The Daily Gamecock

Column: North Korea's concentration camps inexcusable

U.S. cannot let another holocaust continue

North Korea is at it again. Buried under headlines concerning missing passenger planes and Russian peninsula-grabbing, the world’s most unstable nuclear state sent 10 short-ranged rockets toward the Sea of Japan.

This, of course is nothing new. The cloistered nature of the regime lends itself to these temper tantrums.

It’s not as if they’re getting attention for anything else.

Except, perhaps, their intentional famines. And their constant threat to East Asian regional stability. And their repeated and numerous crimes against humanity. And their repeated flaunting of international nuclear disarmament law. (You get the picture.)

All of these crimes were meticulously outlined in the recent U.N. report on that prison-state. Hundreds of pages in length, it has compiled some of the worst offenses and has lengthy and reputable testimony from the few refugees to escape that country.

While the breadth and detail of the report should be praised, especially concerning a country as insular as North Korea, almost none of this information is new, at least in content.

We have known for a long time that North Korea is one of the few states that has operational concentration camps.

Let that sink in for a minute.

Right now, as you breath South Carolina’s (relatively) clear March air, a concentration camp exists somewhere on earth. Satellite photos of these camps (there are many) show what appear to be crematories.

In the middle of World War II, when Europe’s undesirables were being systematically murdered on the orders of a chubby loser with a death wish, the United States and their allies stood by and did nothing to stop this culling. There was no coordinated effort to bomb rail lines to the camps, or to stop the mass transport of human beings to their death in any way.

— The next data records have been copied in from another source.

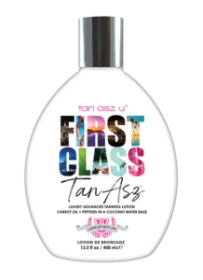 Tan Asz U First Class Tan Asz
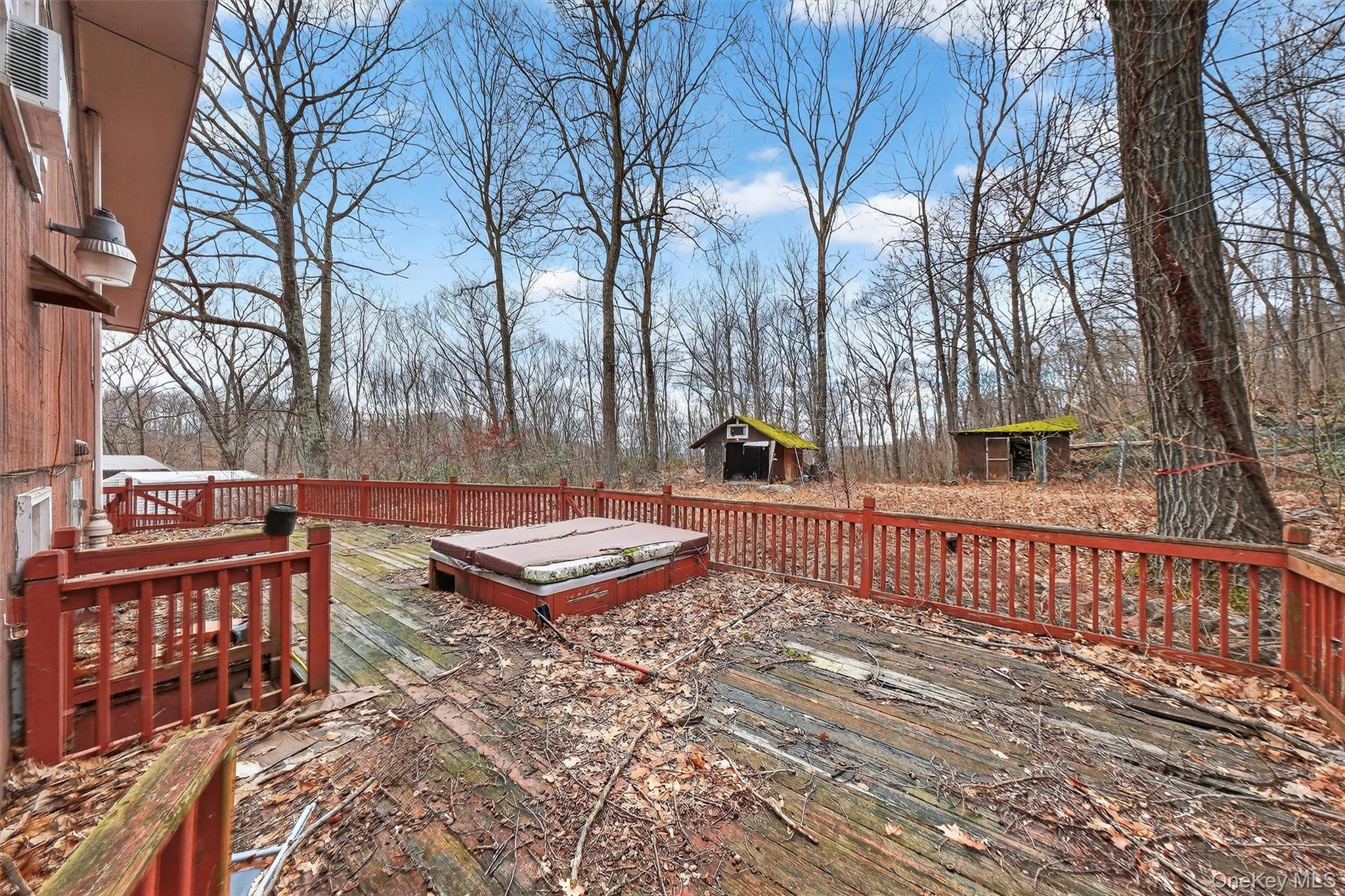 Single Family Depot Hill  Dutchess County, NY 12570, MLS-959136-22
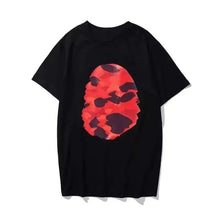 Load image into Gallery viewer, 2026 new Best-selling T-shirts - Women's and Men's Fashion and breathable style - Cotton shirts suitable for both men and women
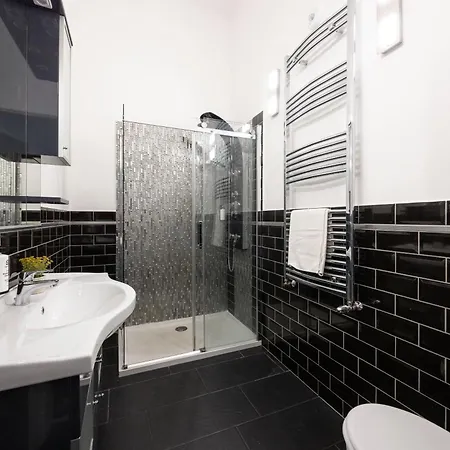 Apartment Deluxe & Cozy Wesselenyi Dream Next To The Synagogue *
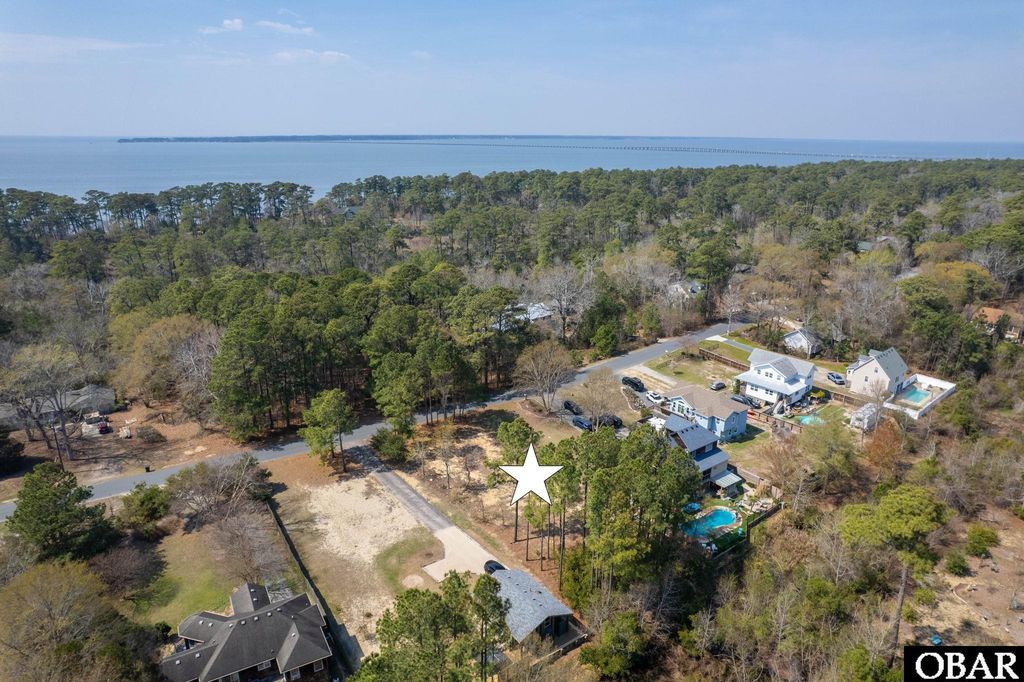 Image 22 of property listing at 4427 Ridge Road Lot 3A, Kitty Hawk, NC 27949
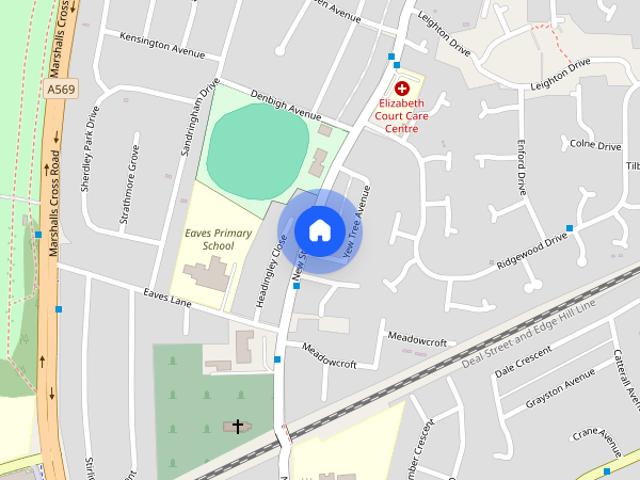House for rent in Sutton, St Helens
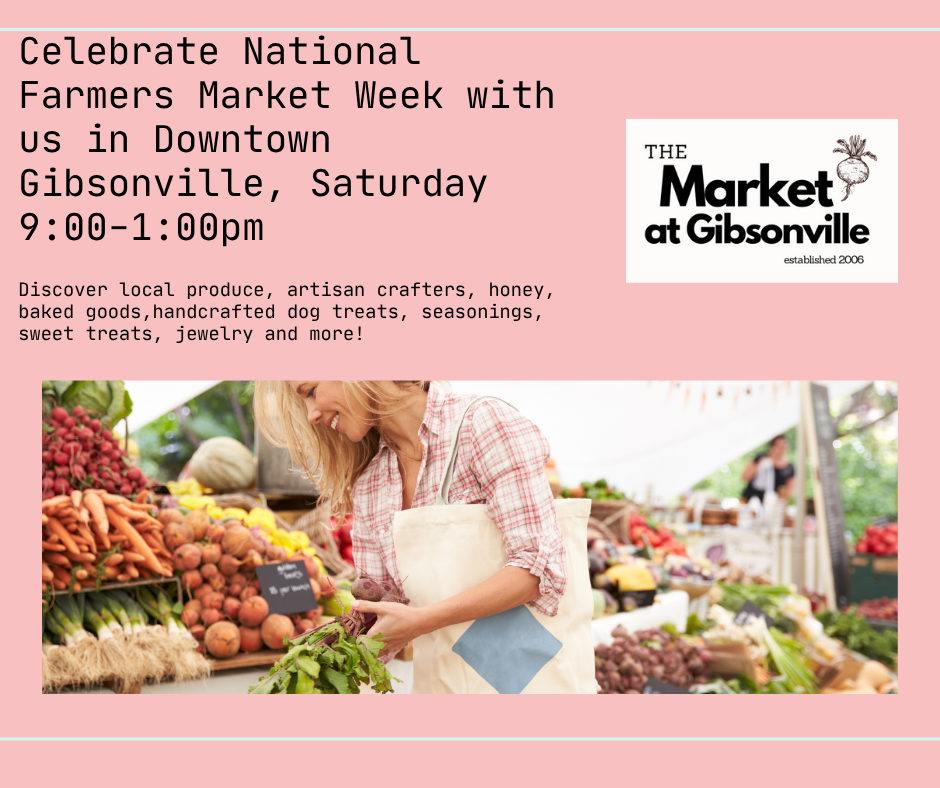 The Market at Gibsonville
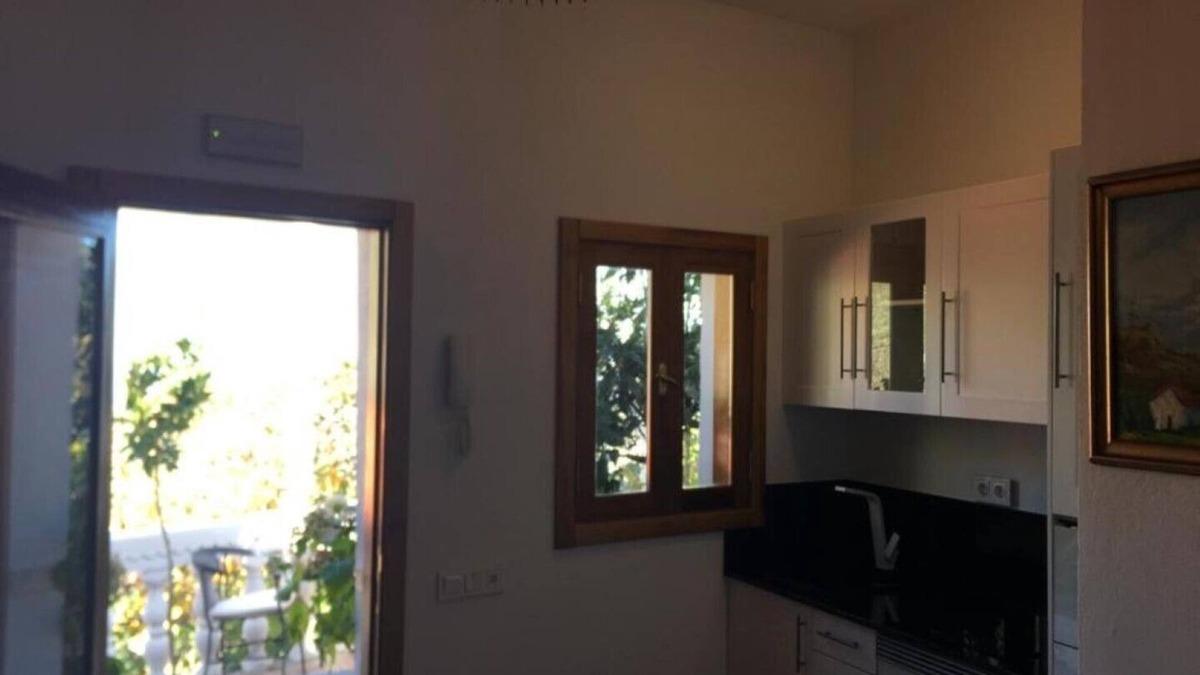 Las Lagunetas Apartment | Junior Suite “El Estanco 14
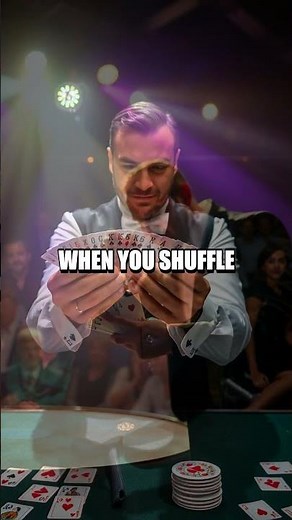 The Incredible Disappearing Card Trick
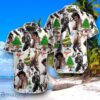 Elvis Christmas Hawaiian Shirt Best Gift For Men And Women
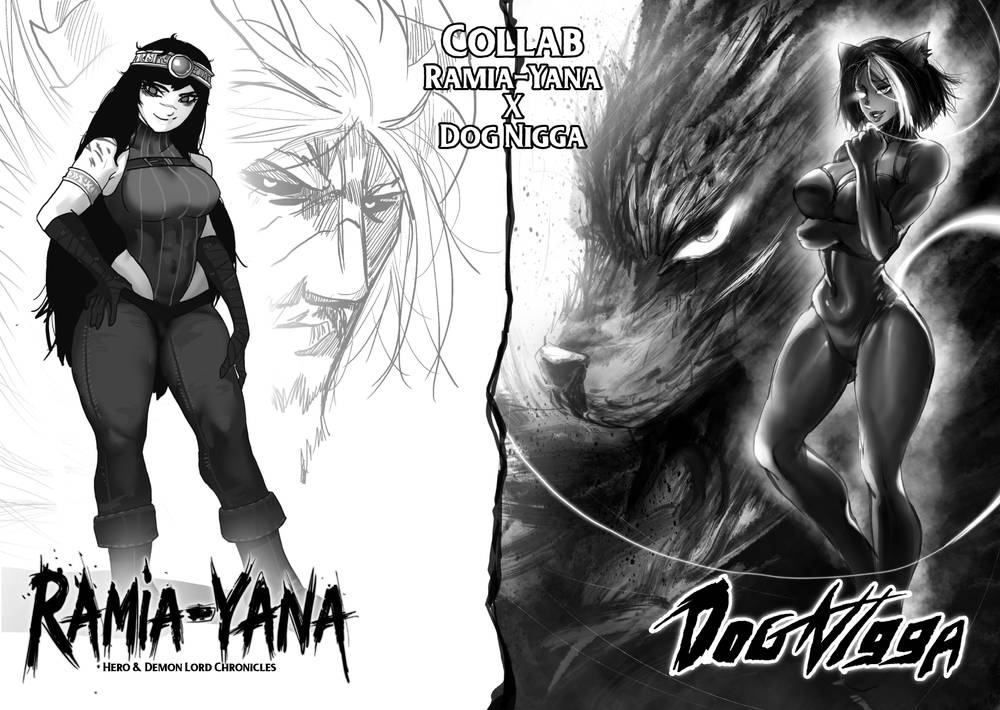 ramia - yana chapter 6.1 15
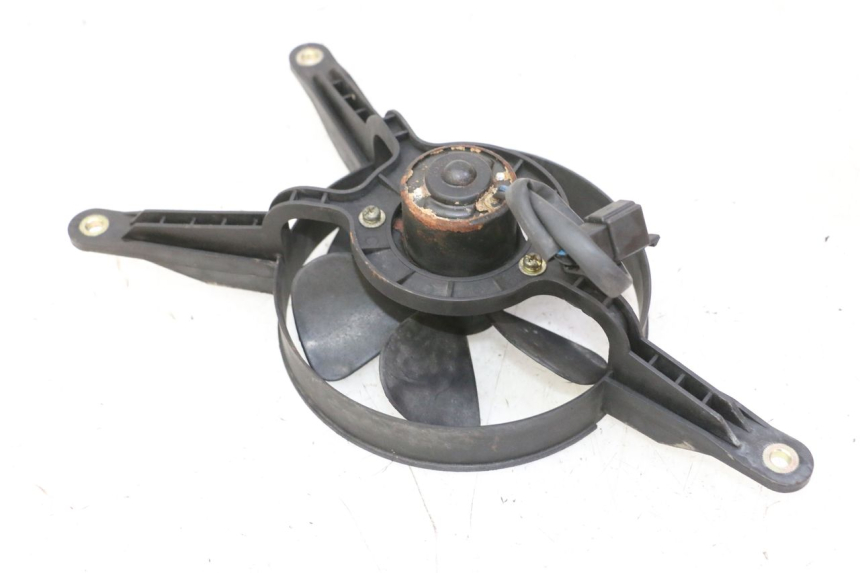 photo de VENTILADOR KYMCO GRAND DINK 125 (2002 - 2007)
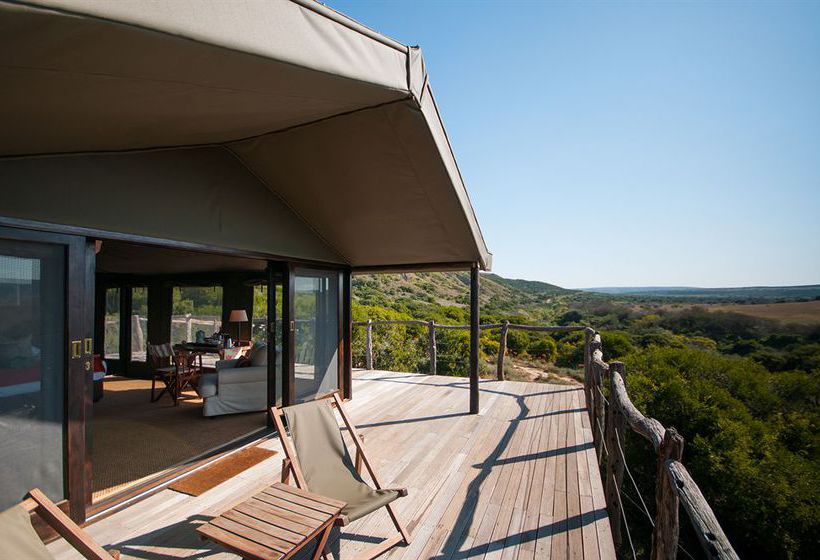 Hotel Amakhala Game Reserve - Hillsnek Safaris 11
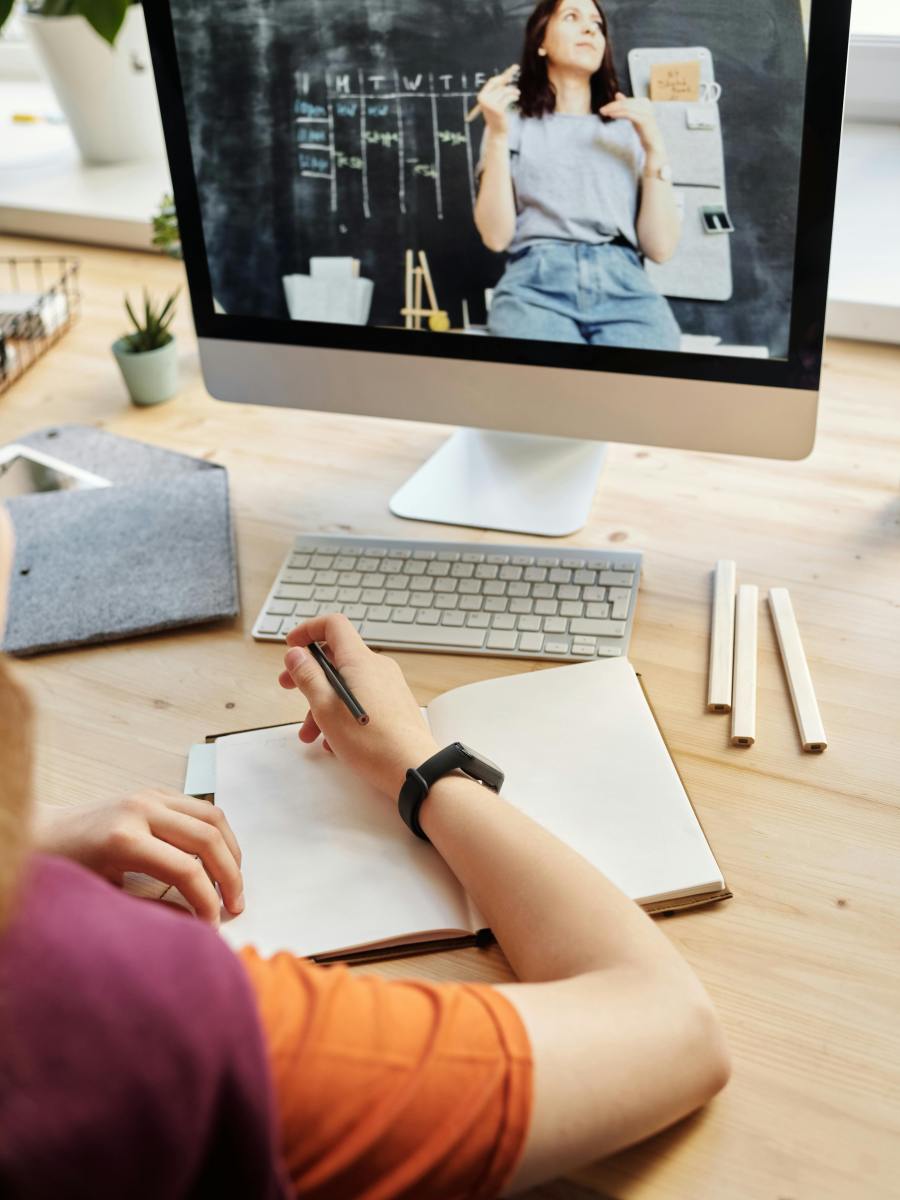 Learn About ADHD&nbsp;Online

In my opinion, the prominence of teaching the Holocaust in post-war U.S. education is a guilt-laden response for this failure to act. “Since we can’t change the past,” the line seems to go, “at least we can prevent these atrocities from happening in the future.”

So what does the U.S. say to the world when it shuffles its feet in the face of North Korea’s concentration camps?

That holocaust can go unpunished, in the right circumstances.

If the country is allowed to pursue and develop nuclear weapons, like North Korea was for such a long time, they can enact a holocaust without the possibility of retribution. Again and again, we are reminded that North Korea is capable of destroying Seoul, the South Korean capital, overnight with conventional weapons. Should war break out, that city, a bastion of democracy in East Asia, would be the first to be bombed.

So where does that leave us?

The simple fact is that the North Korean regime can’t last for very much longer. It relies too much on China for economic stability. It is run by a stone-faced old guard who would like nothing more than to stab each other in the back to secure their political power.

In short, their time is coming. The only difference is our choice: whether we play a part in its destruction, or relegate our role to teaching our children how we failed to act.